Materials provided Start Marker
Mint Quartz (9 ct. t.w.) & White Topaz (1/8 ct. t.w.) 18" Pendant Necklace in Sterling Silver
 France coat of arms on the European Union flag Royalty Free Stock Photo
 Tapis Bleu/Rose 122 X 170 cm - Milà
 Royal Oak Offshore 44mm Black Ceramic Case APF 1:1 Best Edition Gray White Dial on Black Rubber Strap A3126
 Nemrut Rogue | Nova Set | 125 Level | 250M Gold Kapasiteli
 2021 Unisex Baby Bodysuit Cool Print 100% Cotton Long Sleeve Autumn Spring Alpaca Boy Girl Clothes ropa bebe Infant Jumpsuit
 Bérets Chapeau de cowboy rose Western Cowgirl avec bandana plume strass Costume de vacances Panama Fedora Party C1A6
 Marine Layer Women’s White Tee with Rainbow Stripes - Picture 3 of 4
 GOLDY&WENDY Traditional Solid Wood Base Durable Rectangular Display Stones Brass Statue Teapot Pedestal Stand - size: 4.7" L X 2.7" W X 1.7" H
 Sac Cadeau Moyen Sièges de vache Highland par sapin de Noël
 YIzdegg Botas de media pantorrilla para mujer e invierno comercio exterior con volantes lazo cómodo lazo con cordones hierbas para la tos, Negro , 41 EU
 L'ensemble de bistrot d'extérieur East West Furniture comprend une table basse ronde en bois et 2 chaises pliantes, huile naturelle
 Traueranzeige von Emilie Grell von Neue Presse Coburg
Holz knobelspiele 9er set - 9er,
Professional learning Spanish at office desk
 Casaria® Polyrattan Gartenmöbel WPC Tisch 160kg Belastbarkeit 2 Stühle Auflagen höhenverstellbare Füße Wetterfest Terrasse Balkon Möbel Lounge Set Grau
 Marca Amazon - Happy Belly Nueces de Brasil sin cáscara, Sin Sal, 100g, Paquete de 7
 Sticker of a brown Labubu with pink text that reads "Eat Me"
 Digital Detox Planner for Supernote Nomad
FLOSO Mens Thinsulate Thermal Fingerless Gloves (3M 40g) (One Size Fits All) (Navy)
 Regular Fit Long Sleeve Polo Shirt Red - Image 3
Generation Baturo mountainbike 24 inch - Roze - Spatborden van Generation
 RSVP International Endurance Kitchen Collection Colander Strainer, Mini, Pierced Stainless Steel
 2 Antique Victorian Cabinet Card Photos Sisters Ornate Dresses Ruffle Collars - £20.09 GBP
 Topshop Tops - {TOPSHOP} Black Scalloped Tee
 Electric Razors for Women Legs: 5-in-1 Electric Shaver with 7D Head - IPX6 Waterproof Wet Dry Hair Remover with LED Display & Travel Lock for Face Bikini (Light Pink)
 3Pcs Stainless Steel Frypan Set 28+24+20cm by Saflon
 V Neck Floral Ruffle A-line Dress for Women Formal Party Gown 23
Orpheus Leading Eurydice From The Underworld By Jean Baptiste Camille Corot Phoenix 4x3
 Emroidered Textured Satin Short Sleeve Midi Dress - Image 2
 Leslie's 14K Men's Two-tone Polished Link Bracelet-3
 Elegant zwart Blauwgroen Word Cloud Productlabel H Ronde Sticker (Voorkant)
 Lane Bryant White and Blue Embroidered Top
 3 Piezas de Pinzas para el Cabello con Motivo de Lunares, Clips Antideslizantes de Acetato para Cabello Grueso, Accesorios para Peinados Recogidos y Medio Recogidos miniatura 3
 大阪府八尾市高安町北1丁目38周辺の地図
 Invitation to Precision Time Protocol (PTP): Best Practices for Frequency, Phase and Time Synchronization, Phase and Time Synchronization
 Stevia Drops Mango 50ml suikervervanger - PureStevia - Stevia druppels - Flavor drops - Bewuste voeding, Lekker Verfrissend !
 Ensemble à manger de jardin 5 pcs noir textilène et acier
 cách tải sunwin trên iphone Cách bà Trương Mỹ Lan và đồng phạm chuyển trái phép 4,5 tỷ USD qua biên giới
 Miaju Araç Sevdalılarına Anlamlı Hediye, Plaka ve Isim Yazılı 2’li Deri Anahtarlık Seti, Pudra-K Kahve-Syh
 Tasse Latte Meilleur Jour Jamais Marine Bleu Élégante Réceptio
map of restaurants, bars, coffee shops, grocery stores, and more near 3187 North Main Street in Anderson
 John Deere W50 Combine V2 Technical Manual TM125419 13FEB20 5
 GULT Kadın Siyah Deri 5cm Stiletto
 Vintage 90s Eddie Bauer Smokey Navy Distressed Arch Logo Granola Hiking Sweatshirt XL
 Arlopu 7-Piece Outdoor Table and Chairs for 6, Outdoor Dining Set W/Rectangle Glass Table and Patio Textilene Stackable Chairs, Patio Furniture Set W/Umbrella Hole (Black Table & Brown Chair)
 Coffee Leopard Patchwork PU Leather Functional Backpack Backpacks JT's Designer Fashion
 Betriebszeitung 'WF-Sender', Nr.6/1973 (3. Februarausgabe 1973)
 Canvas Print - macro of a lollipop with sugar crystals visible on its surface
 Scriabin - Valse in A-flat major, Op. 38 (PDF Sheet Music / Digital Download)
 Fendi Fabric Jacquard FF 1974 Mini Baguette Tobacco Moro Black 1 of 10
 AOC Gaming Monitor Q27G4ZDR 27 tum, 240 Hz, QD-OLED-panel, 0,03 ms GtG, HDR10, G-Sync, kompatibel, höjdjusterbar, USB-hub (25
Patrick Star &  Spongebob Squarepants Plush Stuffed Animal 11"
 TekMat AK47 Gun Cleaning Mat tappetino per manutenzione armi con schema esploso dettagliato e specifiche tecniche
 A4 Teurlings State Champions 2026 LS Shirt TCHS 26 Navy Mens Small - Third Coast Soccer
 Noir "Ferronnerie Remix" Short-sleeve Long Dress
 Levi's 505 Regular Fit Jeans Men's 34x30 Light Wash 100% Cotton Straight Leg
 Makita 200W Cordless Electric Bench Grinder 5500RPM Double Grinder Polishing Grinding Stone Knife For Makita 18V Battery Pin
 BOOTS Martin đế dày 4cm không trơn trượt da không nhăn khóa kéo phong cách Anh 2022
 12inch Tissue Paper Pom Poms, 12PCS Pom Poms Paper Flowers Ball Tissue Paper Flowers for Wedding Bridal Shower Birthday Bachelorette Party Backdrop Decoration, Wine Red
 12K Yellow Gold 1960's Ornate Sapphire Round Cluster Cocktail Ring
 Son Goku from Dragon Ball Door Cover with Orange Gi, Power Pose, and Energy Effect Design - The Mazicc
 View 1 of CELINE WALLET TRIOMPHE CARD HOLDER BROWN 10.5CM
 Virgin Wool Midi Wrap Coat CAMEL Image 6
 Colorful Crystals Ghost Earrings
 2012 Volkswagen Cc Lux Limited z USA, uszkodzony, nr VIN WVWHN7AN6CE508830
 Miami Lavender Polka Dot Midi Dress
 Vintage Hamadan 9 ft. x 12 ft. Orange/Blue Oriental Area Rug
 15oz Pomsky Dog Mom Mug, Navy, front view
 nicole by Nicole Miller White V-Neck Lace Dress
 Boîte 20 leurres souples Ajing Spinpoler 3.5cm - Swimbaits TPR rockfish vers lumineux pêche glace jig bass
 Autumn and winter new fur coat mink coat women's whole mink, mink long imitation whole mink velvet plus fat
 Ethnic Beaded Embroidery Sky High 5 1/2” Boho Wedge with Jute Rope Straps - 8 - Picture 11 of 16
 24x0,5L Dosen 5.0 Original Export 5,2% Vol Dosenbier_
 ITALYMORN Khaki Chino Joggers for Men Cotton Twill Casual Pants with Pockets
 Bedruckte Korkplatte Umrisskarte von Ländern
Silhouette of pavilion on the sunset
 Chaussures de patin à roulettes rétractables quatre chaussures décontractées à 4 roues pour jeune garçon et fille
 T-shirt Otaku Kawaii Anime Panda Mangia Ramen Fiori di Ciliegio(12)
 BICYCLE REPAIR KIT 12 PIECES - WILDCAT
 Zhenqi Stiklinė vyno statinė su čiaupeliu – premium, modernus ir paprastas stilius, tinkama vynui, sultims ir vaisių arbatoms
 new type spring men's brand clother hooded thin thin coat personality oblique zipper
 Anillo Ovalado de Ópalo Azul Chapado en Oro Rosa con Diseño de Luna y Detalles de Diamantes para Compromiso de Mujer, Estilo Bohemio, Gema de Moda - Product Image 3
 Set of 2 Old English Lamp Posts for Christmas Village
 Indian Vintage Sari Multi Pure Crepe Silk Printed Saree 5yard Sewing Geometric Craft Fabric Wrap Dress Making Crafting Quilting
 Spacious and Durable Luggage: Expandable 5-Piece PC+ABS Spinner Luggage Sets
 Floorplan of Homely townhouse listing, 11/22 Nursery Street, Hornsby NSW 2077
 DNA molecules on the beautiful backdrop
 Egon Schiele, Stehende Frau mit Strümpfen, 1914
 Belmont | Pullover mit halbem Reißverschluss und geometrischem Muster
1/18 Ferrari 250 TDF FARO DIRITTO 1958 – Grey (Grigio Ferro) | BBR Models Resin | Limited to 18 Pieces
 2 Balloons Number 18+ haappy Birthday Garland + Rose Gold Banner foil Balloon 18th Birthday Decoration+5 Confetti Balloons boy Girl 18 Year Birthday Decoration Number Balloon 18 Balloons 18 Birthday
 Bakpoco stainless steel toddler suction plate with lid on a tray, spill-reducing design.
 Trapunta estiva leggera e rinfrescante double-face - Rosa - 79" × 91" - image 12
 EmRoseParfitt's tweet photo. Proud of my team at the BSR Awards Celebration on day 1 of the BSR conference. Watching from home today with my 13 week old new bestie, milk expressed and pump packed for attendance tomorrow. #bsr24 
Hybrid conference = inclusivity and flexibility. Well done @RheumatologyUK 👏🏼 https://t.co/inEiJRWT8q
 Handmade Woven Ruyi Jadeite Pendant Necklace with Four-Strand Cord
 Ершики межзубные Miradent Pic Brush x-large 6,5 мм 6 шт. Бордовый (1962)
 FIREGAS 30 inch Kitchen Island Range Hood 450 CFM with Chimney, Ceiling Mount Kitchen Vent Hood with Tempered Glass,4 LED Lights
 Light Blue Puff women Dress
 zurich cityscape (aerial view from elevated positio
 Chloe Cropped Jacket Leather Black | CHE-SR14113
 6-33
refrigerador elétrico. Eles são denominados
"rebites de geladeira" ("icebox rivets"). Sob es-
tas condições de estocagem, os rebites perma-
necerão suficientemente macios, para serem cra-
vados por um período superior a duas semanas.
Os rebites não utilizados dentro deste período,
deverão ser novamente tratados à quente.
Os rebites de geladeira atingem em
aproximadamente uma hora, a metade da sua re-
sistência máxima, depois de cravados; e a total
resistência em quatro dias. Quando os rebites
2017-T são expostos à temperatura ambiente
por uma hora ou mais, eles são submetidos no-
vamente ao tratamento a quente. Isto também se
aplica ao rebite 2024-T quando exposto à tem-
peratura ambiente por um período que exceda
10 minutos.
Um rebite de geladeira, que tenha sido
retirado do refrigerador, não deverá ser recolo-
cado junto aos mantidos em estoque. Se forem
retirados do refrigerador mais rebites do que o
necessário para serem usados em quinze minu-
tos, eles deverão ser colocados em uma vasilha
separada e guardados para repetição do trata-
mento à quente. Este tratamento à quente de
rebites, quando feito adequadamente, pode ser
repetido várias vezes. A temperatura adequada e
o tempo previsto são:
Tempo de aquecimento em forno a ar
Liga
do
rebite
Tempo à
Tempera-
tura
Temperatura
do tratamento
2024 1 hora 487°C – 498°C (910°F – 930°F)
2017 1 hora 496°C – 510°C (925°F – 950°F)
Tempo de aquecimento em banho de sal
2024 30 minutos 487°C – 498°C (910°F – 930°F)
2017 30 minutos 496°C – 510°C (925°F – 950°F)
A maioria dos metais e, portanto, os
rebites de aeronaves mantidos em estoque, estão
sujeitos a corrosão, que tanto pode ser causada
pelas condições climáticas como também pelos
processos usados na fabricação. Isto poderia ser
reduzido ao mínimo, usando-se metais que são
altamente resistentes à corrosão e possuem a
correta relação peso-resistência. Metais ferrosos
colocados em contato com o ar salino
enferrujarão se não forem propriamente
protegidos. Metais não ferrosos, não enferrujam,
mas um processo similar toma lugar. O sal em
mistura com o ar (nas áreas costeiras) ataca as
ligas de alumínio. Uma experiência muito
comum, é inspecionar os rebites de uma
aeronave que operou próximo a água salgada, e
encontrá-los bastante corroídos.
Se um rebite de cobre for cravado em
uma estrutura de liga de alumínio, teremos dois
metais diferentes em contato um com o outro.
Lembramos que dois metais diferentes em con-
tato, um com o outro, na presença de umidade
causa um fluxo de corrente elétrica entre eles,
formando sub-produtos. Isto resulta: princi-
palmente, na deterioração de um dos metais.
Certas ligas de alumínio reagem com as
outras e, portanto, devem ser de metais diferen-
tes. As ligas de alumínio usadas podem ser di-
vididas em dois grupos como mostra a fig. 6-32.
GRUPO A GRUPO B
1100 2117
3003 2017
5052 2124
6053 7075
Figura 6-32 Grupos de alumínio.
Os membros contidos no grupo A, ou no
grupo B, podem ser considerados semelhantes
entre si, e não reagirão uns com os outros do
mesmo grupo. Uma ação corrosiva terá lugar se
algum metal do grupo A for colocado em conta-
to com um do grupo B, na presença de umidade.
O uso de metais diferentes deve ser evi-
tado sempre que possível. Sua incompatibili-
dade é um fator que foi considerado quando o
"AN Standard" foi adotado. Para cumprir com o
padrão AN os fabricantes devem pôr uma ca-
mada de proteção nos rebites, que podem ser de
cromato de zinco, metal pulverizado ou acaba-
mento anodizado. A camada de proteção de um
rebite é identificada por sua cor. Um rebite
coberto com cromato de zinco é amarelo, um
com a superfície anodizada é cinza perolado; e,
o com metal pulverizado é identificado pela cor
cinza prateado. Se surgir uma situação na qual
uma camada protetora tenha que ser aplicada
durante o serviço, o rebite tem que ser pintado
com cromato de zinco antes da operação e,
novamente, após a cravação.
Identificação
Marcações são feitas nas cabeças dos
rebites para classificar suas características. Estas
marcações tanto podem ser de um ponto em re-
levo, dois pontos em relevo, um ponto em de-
Materials provided End Marker
What you need to do — Here the output must be the lines above from the line with "T-shirt Otaku Kawaii" to the line with "Anillo Ovalado de", both included, duplicated word for word and nothing else.

Solution to the exercise —
 T-shirt Otaku Kawaii Anime Panda Mangia Ramen Fiori di Ciliegio(12)
 BICYCLE REPAIR KIT 12 PIECES - WILDCAT
 Zhenqi Stiklinė vyno statinė su čiaupeliu – premium, modernus ir paprastas stilius, tinkama vynui, sultims ir vaisių arbatoms
 new type spring men's brand clother hooded thin thin coat personality oblique zipper
 Anillo Ovalado de Ópalo Azul Chapado en Oro Rosa con Diseño de Luna y Detalles de Diamantes para Compromiso de Mujer, Estilo Bohemio, Gema de Moda - Product Image 3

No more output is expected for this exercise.